Please keep the pictures out and write out exactly the lines from the first in the data below through the one containing "Sofa with Storage", both included.

Segment Start: PROVIDED DATA

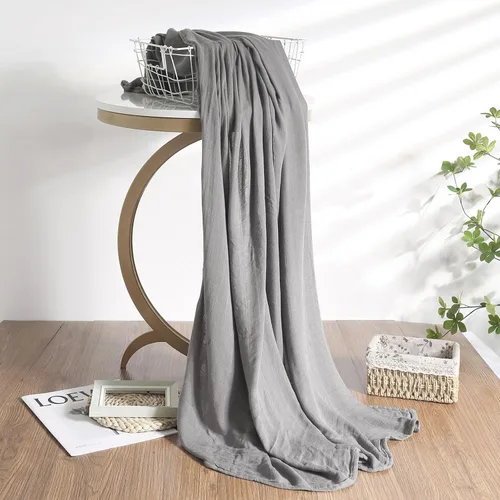 Vista 4 de Manta de muselina 100% viscosa hecha de bambú, color gris sólido, unisex, manta de muselina suave y sedosa, manta de recepción neutra para recién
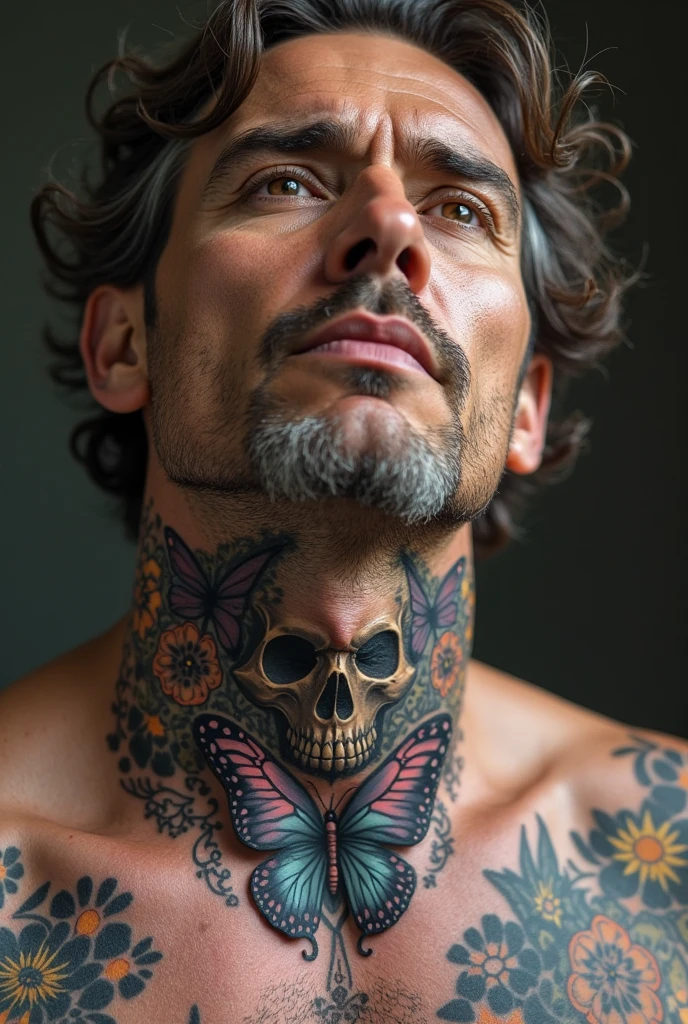  A man with brown eyes jawline pitch black hair and nationality being russian and american tattoos all over his body and a skull tattoo on his chest.
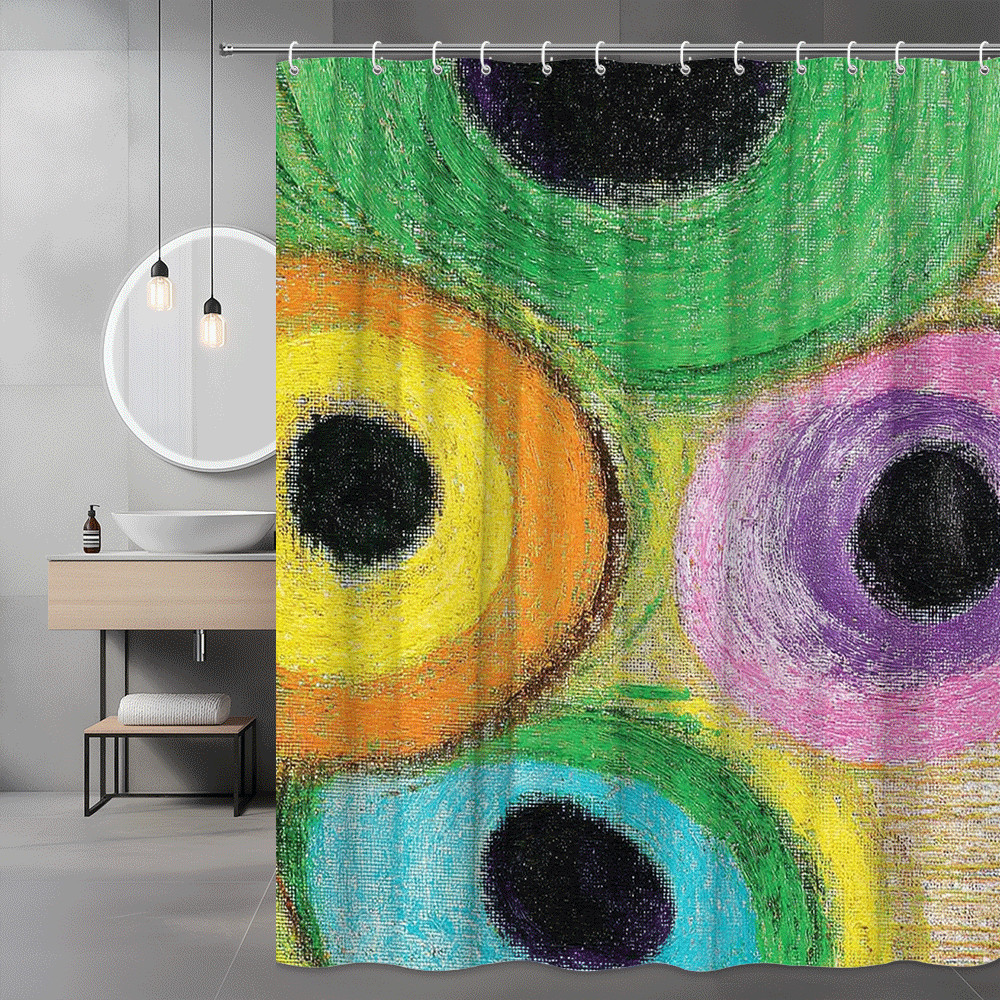 Colorful Abstract Circle Shower Curtain, Green Pink Yellow Blue Print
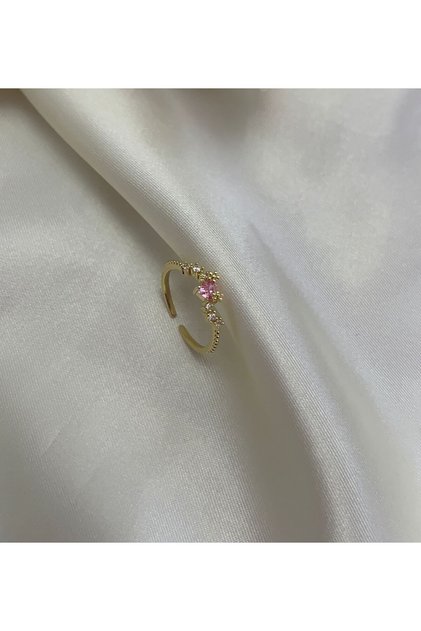 Gold Color Pink Zircon Stone Wave Shape Adjustable Elegant Women Ring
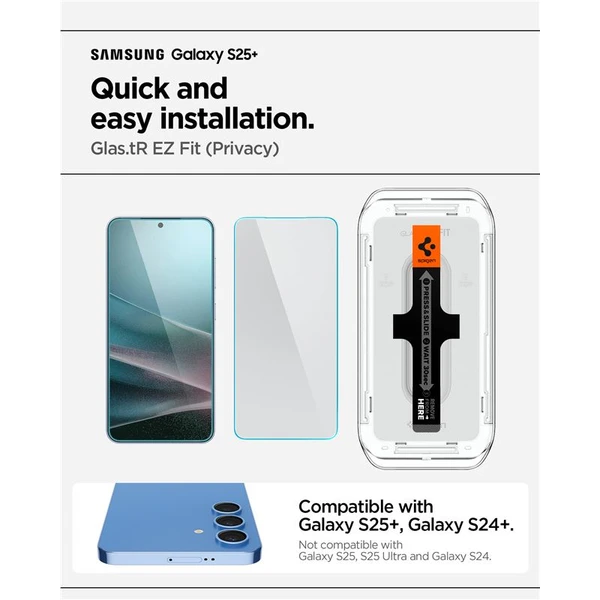 Spigen Glass tR EZ Fit HD (Privacy) tvrzené sklo Samsung Galaxy S25+/S24+ (2 ks) - Ochranné folie a skla - Obrázek ca1335f2d45541ff9b657c11034623d6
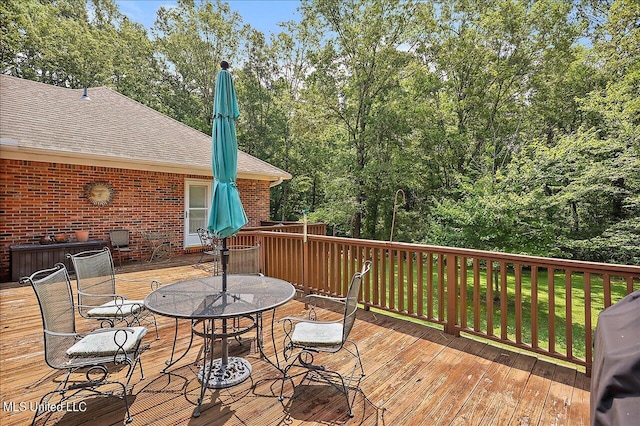 1600 Pine Hill Dr, Raymond, MS 39154 - wooden deck featuring outdoor dining area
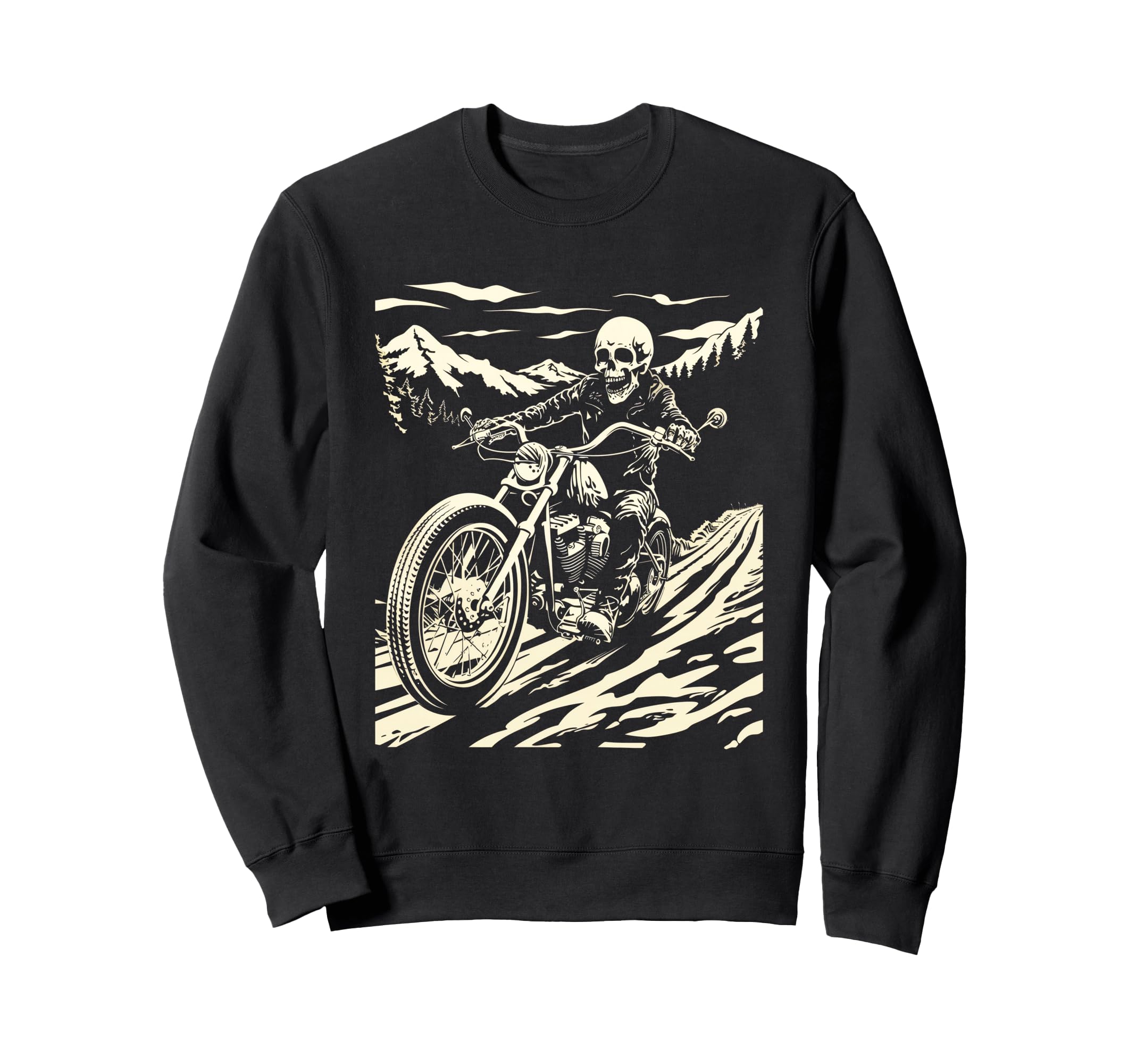 Skeleton Motorcycle Skeleton Rider Sweatshirt - Unique Graphic for Adults - T-Shirt, Sweatshirt, Hoodie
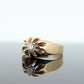 Antique Belcher Set Diamond 10k Filigree ring. WIDE 1/4ct Victorian Prong Diamond Ring Buttercup diamond sz 9 st(161)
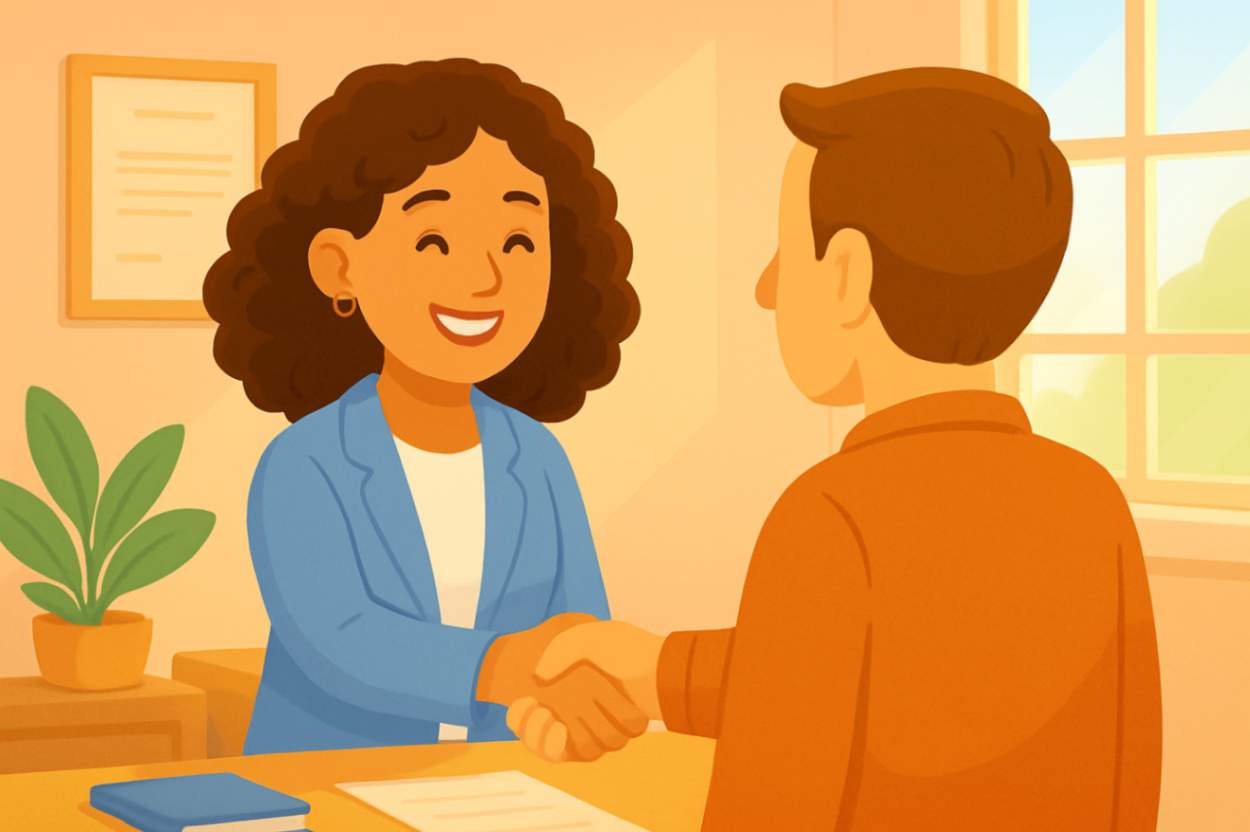 A woman saking hands with a man symbolising NDIS plan management collaboration and support.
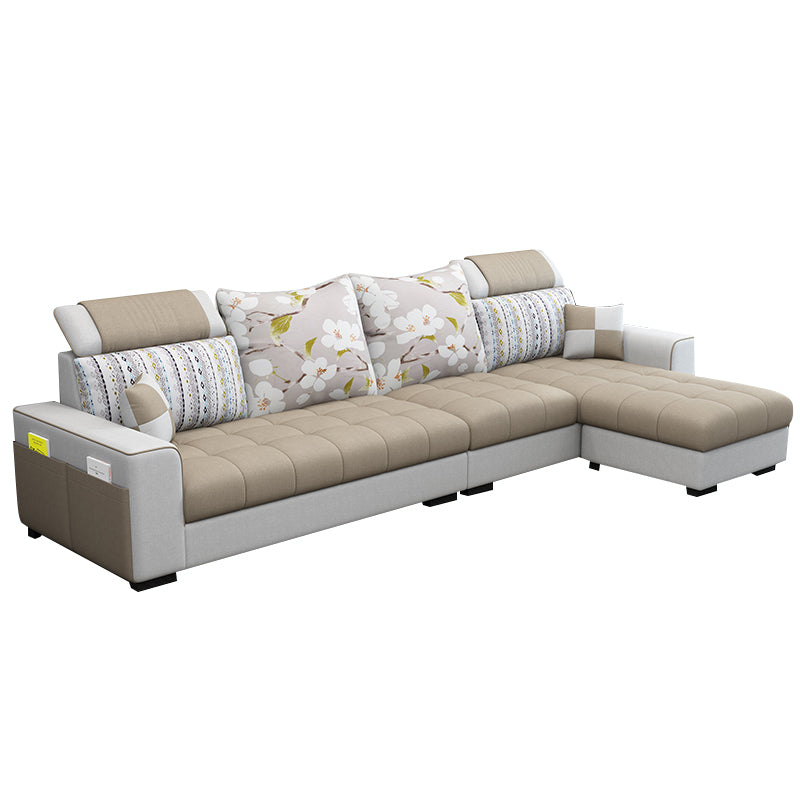 106.3"D x 57"W x 35.43"H Square Arm Sectionals, Modern High Back Sofa with Storage
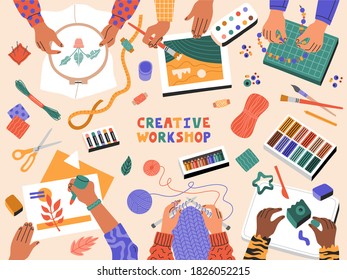 Art craft workshop, creative children applique, draw, make plasticine, knitting, embroidery, template banner educational courses for children. Hand drawn illustration in modern cartoon flat style.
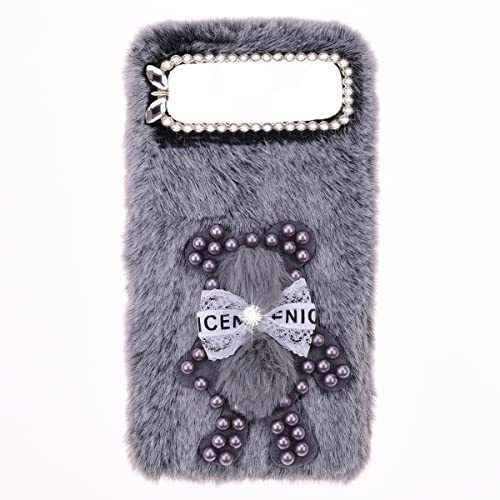 YKTO Peluche Girly Lapin Phone Cover Coque pour Samsung Galaxy Grand Neo Fille Ours Perle Mignon Noeud Brillant Fluffy Faux Peluche Coque Souple pour Samsung...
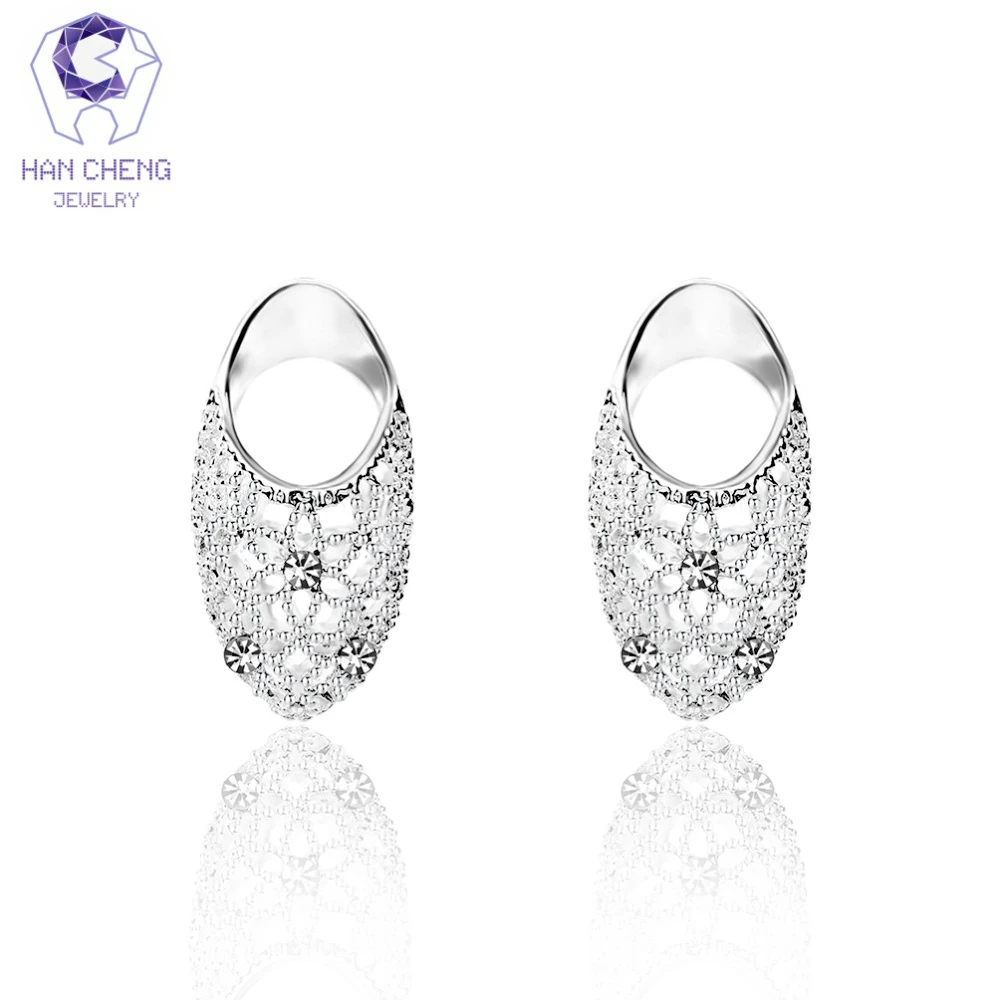 HanCheng New Fashion Gem Stone Rhinestone Nail Silver Plated Hollow Metal Flower Stud Earrings For Women Jewelry brincos bijoux | Украшения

Segment End: PROVIDED DATA

- [RESPONSE AREA]
 Vista 4 de Manta de muselina 100% viscosa hecha de bambú, color gris sólido, unisex, manta de muselina suave y sedosa, manta de recepción neutra para recién
  A man with brown eyes jawline pitch black hair and nationality being russian and american tattoos all over his body and a skull tattoo on his chest.
 Colorful Abstract Circle Shower Curtain, Green Pink Yellow Blue Print
 Gold Color Pink Zircon Stone Wave Shape Adjustable Elegant Women Ring
 Spigen Glass tR EZ Fit HD (Privacy) tvrzené sklo Samsung Galaxy S25+/S24+ (2 ks) - Ochranné folie a skla - Obrázek ca1335f2d45541ff9b657c11034623d6
 1600 Pine Hill Dr, Raymond, MS 39154 - wooden deck featuring outdoor dining area
 Skeleton Motorcycle Skeleton Rider Sweatshirt - Unique Graphic for Adults - T-Shirt, Sweatshirt, Hoodie
 Antique Belcher Set Diamond 10k Filigree ring. WIDE 1/4ct Victorian Prong Diamond Ring Buttercup diamond sz 9 st(161)
 A woman saking hands with a man symbolising NDIS plan management collaboration and support.
 106.3"D x 57"W x 35.43"H Square Arm Sectionals, Modern High Back Sofa with Storage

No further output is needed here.